■ **DIRECTIONS**
Starting at the line where "Casual Crew Neck" occurs, reproduce each line through the end of the entries below exactly. Omit every picture.

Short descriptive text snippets
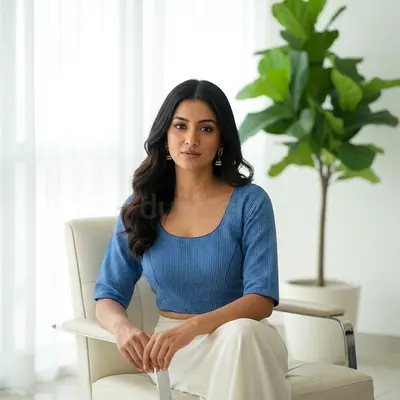 Ribbed Blue Blouse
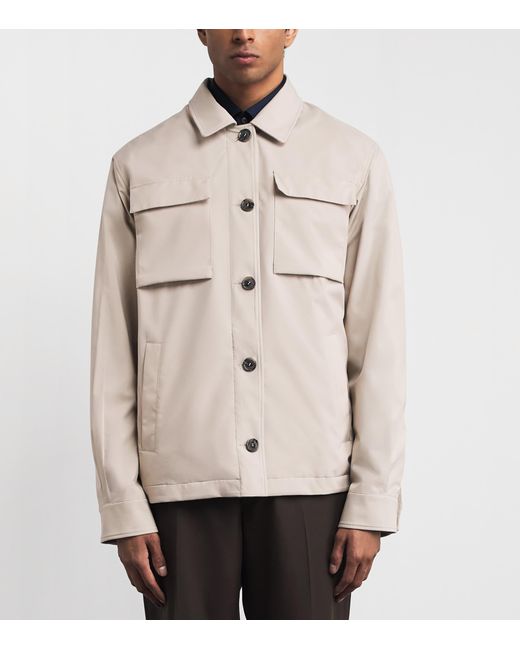 Paul & Shark Natural Reversible Cashmere-Technical Overshirt for men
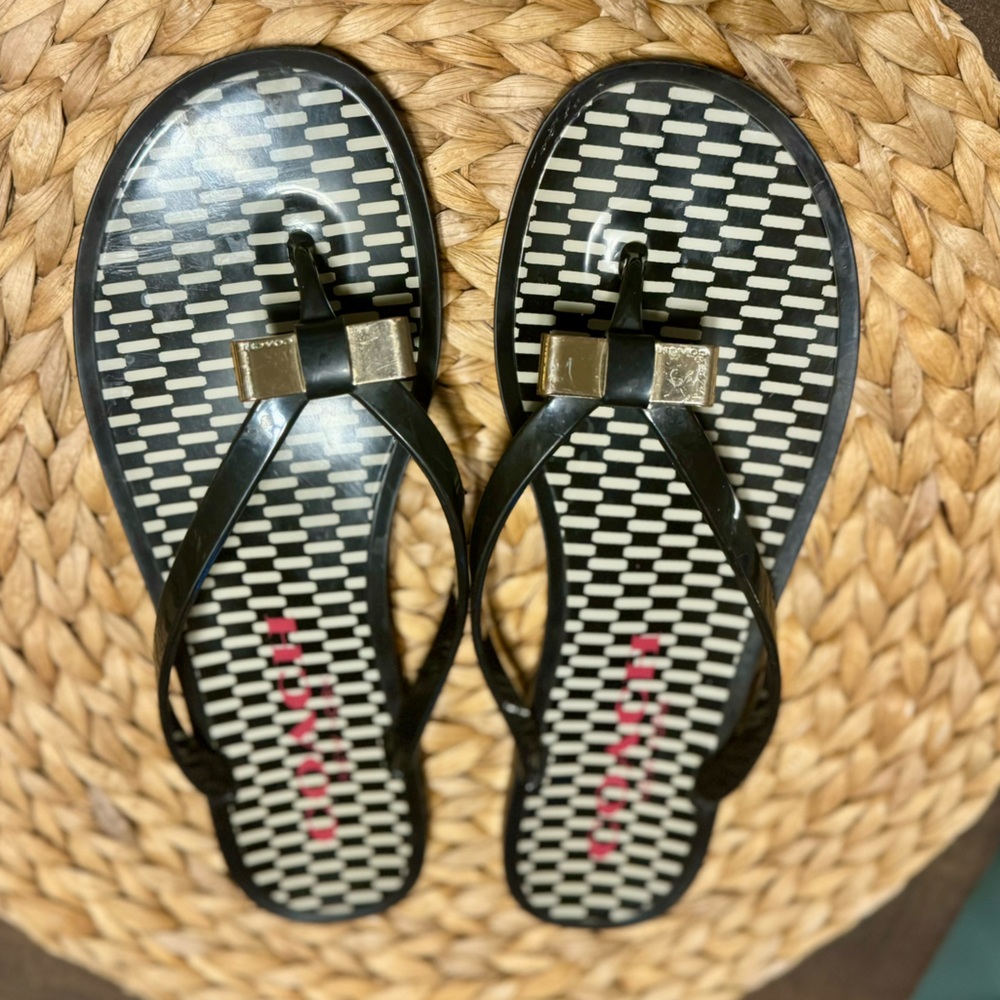 Coach Black and Gold Sandals - Picture 5 of 14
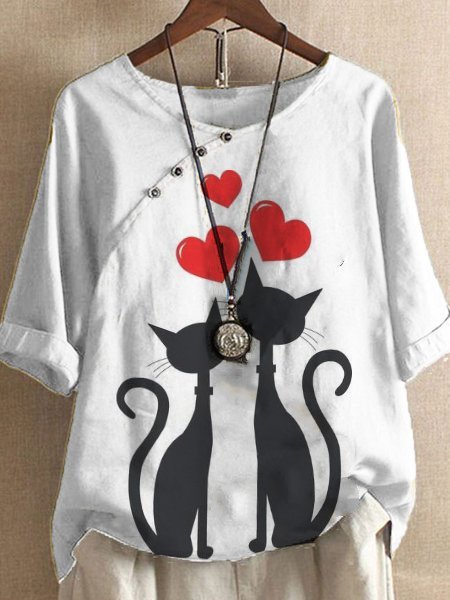 Casual Crew Neck Cotton Shift Shirts & Tops, White, Blouses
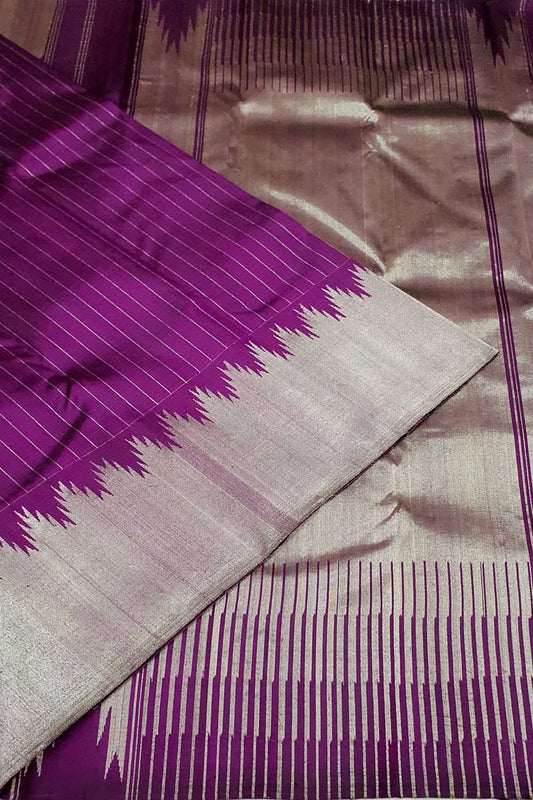 Purple Kanjeevaram Handloom Pure Silk Saree - Luxurion World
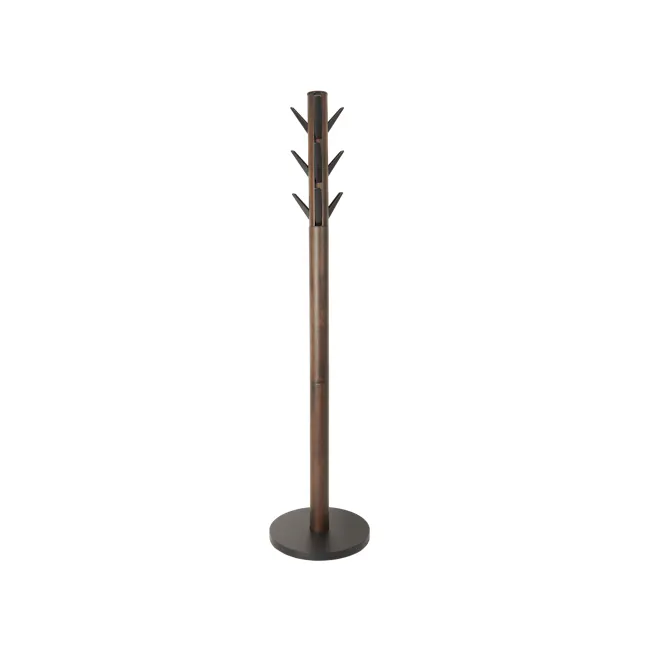 Flapper Coat Rack - Black, Walnut - 7 - Modern stand with tapered design, dark wood finish, cylindrical base, metallic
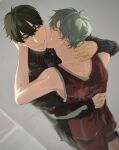  22_(22mimi2434) 2boys alien_stage basketball_jersey basketball_shorts basketball_uniform black_eyes black_hair black_jacket chinese_commentary closed_eyes commentary_request fang fang_out grey_hair highres hug ivan_(alien_stage) jacket kiss kissing_cheek male_focus multiple_boys official_alternate_costume photo-referenced red_pupils red_shorts red_tank_top shorts sportswear tank_top till_(alien_stage) yaoi 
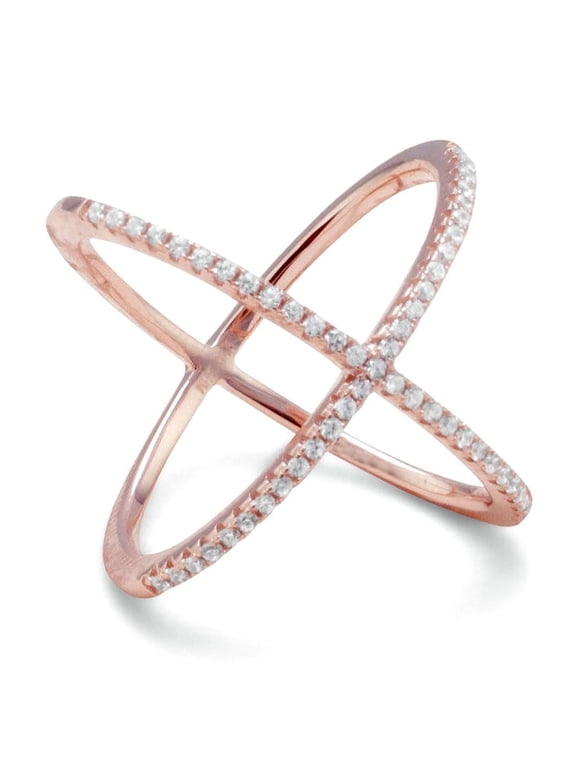 Rose Gold Plated Criss Religious Faith Cross X Ring Signity Cubic Zirconias 20mm Wide Size 5 Ring for Women
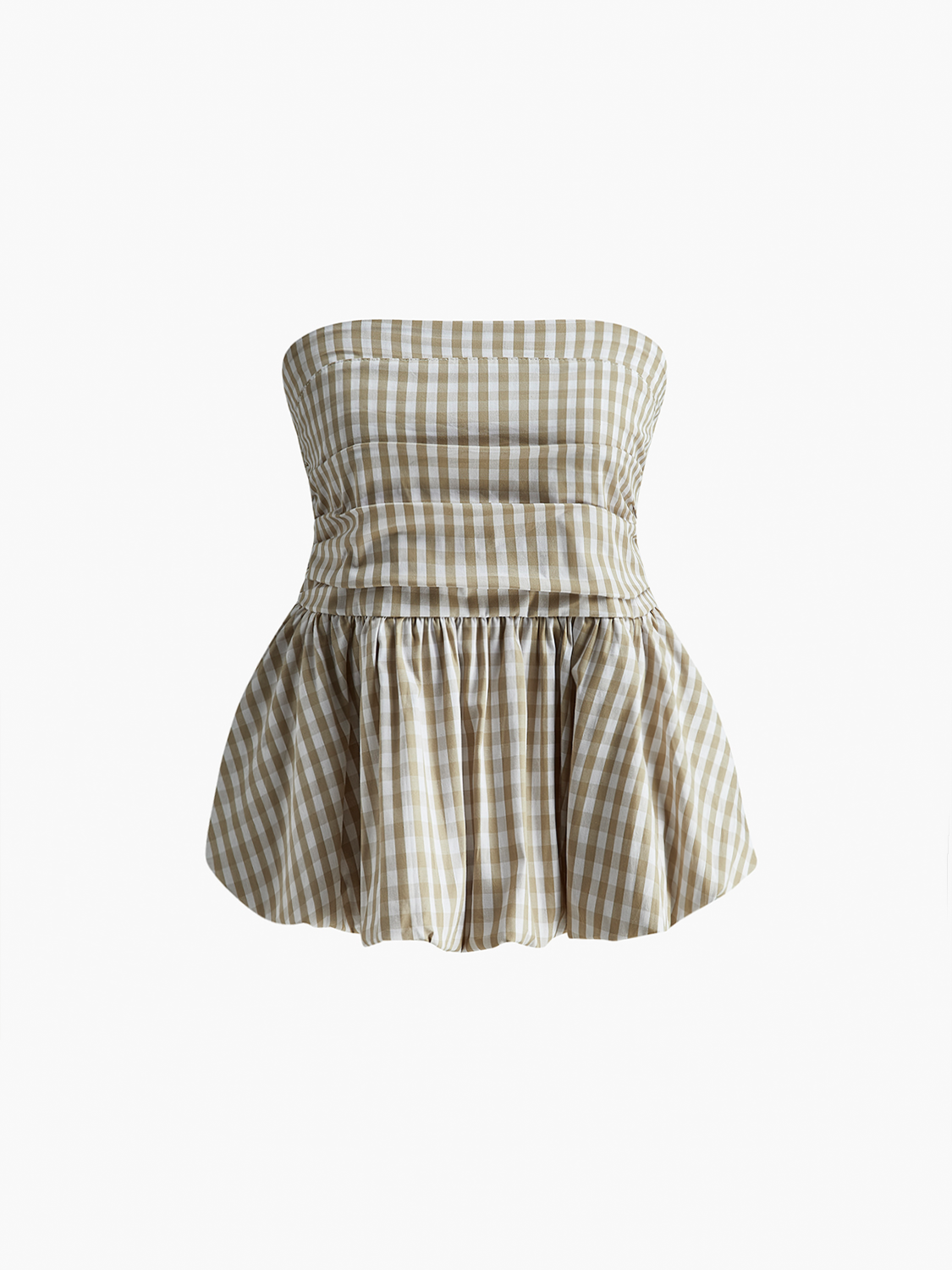 Puff Shirred Plaid Tube Top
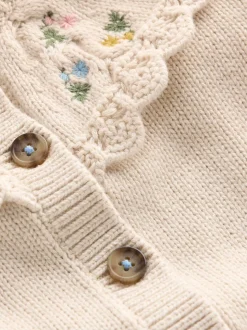 Boden Cream Embroidered Yoke Cardigan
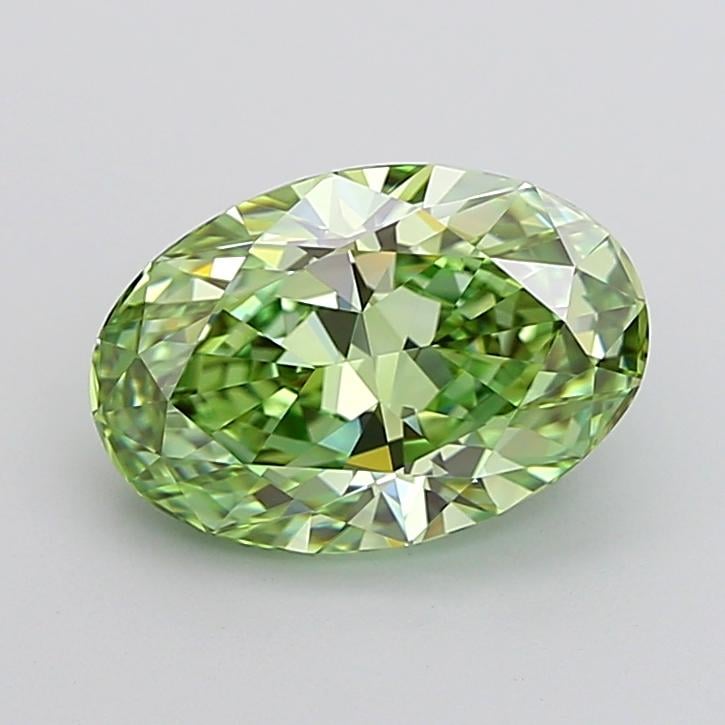 3.67 Ct. Fancy Vivid Green Oval Lab Grown Diamond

■ **YOUR RESPONSE**
 Casual Crew Neck Cotton Shift Shirts & Tops, White, Blouses
 Purple Kanjeevaram Handloom Pure Silk Saree - Luxurion World
 Flapper Coat Rack - Black, Walnut - 7 - Modern stand with tapered design, dark wood finish, cylindrical base, metallic
  22_(22mimi2434) 2boys alien_stage basketball_jersey basketball_shorts basketball_uniform black_eyes black_hair black_jacket chinese_commentary closed_eyes commentary_request fang fang_out grey_hair highres hug ivan_(alien_stage) jacket kiss kissing_cheek male_focus multiple_boys official_alternate_costume photo-referenced red_pupils red_shorts red_tank_top shorts sportswear tank_top till_(alien_stage) yaoi 
 Rose Gold Plated Criss Religious Faith Cross X Ring Signity Cubic Zirconias 20mm Wide Size 5 Ring for Women
 Puff Shirred Plaid Tube Top
 Boden Cream Embroidered Yoke Cardigan
 3.67 Ct. Fancy Vivid Green Oval Lab Grown Diamond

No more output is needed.